Json dump format for load_dataset

Hey guys,

How do I properly encode/format json file dump (or use any other approach for creating JSON files) so that the created JSON file is easily digested by load_dataset JSON variant as described in the docs?

TIA,
Vladimir

Hi ! You can simply use .to_json() - see documentation here

Here is an example using SQuAD:

from datasets import load_dataset                   

squad = load_dataset("squad", split="train")        
squad.to_json("squad.json")            

data_files = {"train": "squad.json"}
re_squad = load_dataset("json", data_files=data_files, split="train")

This creates a JSON Lines file, then it reloads it using the JSON dataset loader :slight_smile:

3 Likes

Yes, of course, @lhoestq , but I wondered about a JSON file I made myself in some processing, not an already prepared JSON file. If I attempt to load the newly created JSON file (created using JSON dump), it needs to be one record per line, cannot have square brackets at the beginning/end, etc. How can I format any JSON holding data records so it could be consumed by datasets easily?

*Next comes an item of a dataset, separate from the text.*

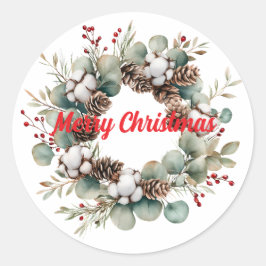 God jul Classic Round Sticker Runt Klistermärke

You can format your data as JSON Lines, so as you said:

  • one record per line (they can be created via json.dumps from the standard lib for example)
  • no square brackets at the beginning/end

Moreover:

  • use “\n” for end of lines in string data - so that each record is on one single line
  • nested fields are supported
2 Likes

Yeah, this works. I manually wrote out the JSON records one line at a time with “\n” at the end of the line using for loop. I thought there might be some sort of HF datasets encoder that could do this for me.